The code to do that looks something like this:

typescript
import { Image } from '@shumai/image'
import * as sm from '@shumai/shumai'

function mutateColor(img) {
let t = img.tensor().astype(sm.dtype.Float32)
const r = 1 + (Math.random() - 0.5) / 5
const g = 1 + (Math.random() - 0.5) / 5
const b = 1 + (Math.random() - 0.5) / 5
const s = 1 + (Math.random() - 0.5) / 5
t = t
.div(sm.scalar(255))
.mul(sm.tensor(new Float32Array([r, g, b, 1])))
.mul(sm.scalar(s))
.mul(sm.scalar(255))
t = sm.clamp(t, 0, 255)
return new Image(t)
}

function randomCrop(img) {
// max 20% shift
const scale = 1 + Math.random() / 5
const offset_x = Math.floor(Math.random() * img.width * (scale - 1))
const offset_y = Math.floor(Math.random() * img.height * (scale - 1))
return img.resize(scale).crop(offset_x, offset_y, img.width, img.height)
}

for (const base_img of base_imgs) {
let img = base_img.rotate((Math.random() - 0.5) * 20)
const scale = h / img.height
img = img.resize(scale)
img = mutateColor(img)
if (Math.random() > 0.5) {
img = img.gaussblur(Math.random() / 2)
}

img = randomCrop(img)
img = img.flatten(30, 30, 30)
// ...
}


([code listing](https://github.com/bwasti/emojicam/blob/main/train.ts#L80-L94))

#### Modeling

The next step was to write a model.

As I mentioned above, I had a pretty large flop budget, but that would only apply if
the model was running at near peak.  Unfortunately, the AMX unit on an M1
(which gives the CPU over a Tflop of performance) isn't used by Shumai's convolutions (yet!).
As a result, true peak for some of the operators would be closer to 100Gflops.
That means the budget is only 5Mflops per inference and I ended up being extremely convservative with it:

typescript
import * as sm from '@shumai/shumai'

export class EmojiClassifier extends sm.module.Module {
constructor(num_emojis) {
super()
this.conv0 = sm.module.conv2d(3, 8, 3, { stride: 2 })
this.conv1 = sm.module.conv2d(8, 32, 3, { stride: 2 })
this.linear = sm.module.linear(32, num_emojis)
this.skip_softmax = false
}
forward(x) {
x = sm.avgPool2d(x, 2, 2, 2, 2)
x = this.conv0(x)
x = x.tanh()
x = sm.avgPool2d(x, 2, 2, 2, 2)
x = this.conv1(x)
x = x.tanh()
x = x.reshape([x.shape[0], 32])
x = this.linear(x)
if (this.skip_softmax) {
return x
}
return x.softmax(1)
}
}

([that's actually the full file](https://github.com/bwasti/emojicam/blob/main/model.ts))

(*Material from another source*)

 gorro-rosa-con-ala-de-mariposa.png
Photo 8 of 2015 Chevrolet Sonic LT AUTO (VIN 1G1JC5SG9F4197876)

The softmax at the end is only necessary for training, and I drop it from inference runs.
The reason I can drop it is because the equation preserves argmax, which is
all we care about at the end of the day (the index of the predicted emoji).

#### Training

![](https://user-images.githubusercontent.com/4842908/209850459-8bcfe735-d93e-4a83-82cc-0d817946c4b9.gif)

To train I used mean squared error as a loss function.
This converged much more quickly than cross entropy.

typescript
const loss_fn = sm.loss.mse

for (const iter of sm.util.viter(20000, dump)) {
const [X, Y] = getBatch([2, 4, 4])
const Y_hat = model(X)
const loss = loss_fn(Y_hat, Y)
if (ema_loss === 0) {
ema_loss = loss.toFloat32()
}
ema_loss = 0.9 * ema_loss + 0.1 * loss.toFloat32()
}


([code listing](https://github.com/bwasti/emojicam/blob/main/train.ts#L132-L142))

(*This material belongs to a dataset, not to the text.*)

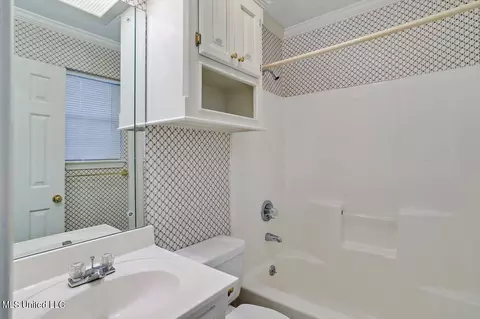 Bath - 151 Armonde Ct, Madison, MS 39110 photo 3 of 3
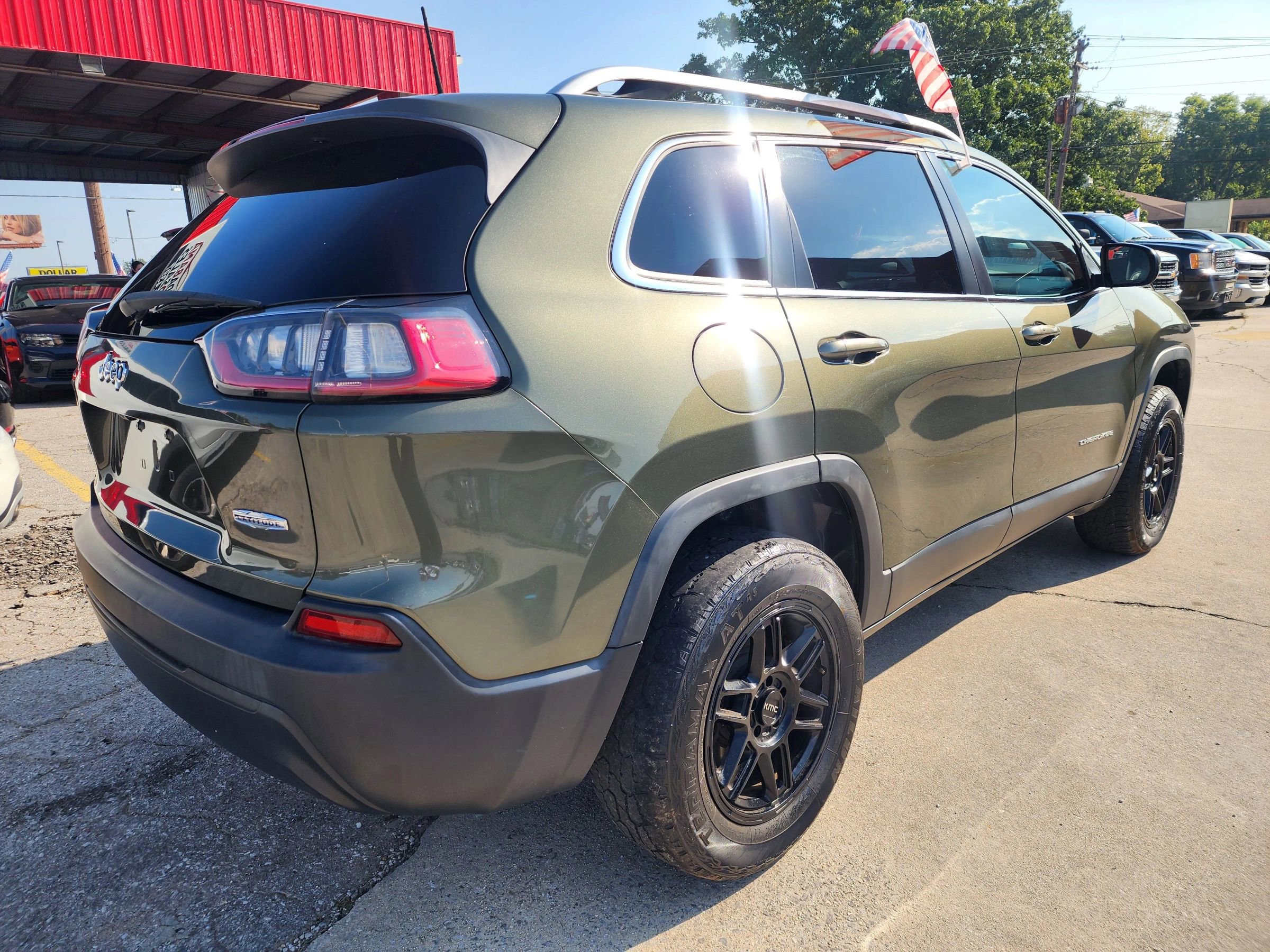 Used 2019 Jeep Cherokee Latitude Plus image 6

The weird getBatch call above does nothing more than get a batch of tensors
from the dataset.  The reason it's weird is because ArrayFire (and thus Shumai) inexplicably doesn't support
concatentation of more than 4 tensors at once.
To get around this, I implemented the batch function to [concat recursively](https://github.com/bwasti/emojicam/blob/main/train.ts#L84-L97).
Luckily Bun's JIT makes this super fast so it's not a huge deal.

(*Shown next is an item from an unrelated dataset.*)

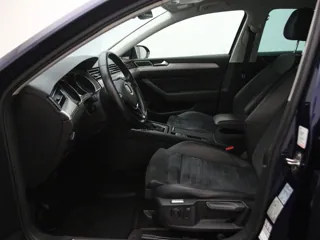VOLKSWAGEN PASSAT B8 Highline Executive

sm.util.viter is a lot like tqdm.tqdm but it takes a callback to print extra information.
The dump function passed as a callback here has the loss, accuracy and an example classification.
It's pretty cool to see the network slowly learn structure before classifying correctly most of the time.
For example, it'd misclassify flags for other flags or faces for other faces at first before
converging to be quite accurate (over 95% on 1700 classes).

#### Serving

Now for the fun part!

Once you hook up the webcam to a video element on a page, the actual client logic
is extremely simple:

typescript
context.drawImage(video, 0, 0, canvas.width, canvas.height);
const data = context.getImageData(0, 0, canvas.width, canvas.height).data;
const response = await fetch(window.location.href, {
method: 'POST',
body: data
})
const emojis = await response.json()

([full code](https://github.com/bwasti/emojicam/blob/main/index.html))

I send the raw pixels to the server with fetch and then await a response.
The response from the server is a list of length 3,888 containing emoji that
can be rendered in a grid.

The server makes use of Bun's serve method.  Below is the full code without imports:

typescript
const model = new EmojiClassifier(emoji.length)
model.skip_softmax = true
model.checkpoint('weights') // this loads all the weights

serve({
async fetch(req) {
if (req.method === 'POST') {
const response = []
const data = new Uint8Array(await req.arrayBuffer())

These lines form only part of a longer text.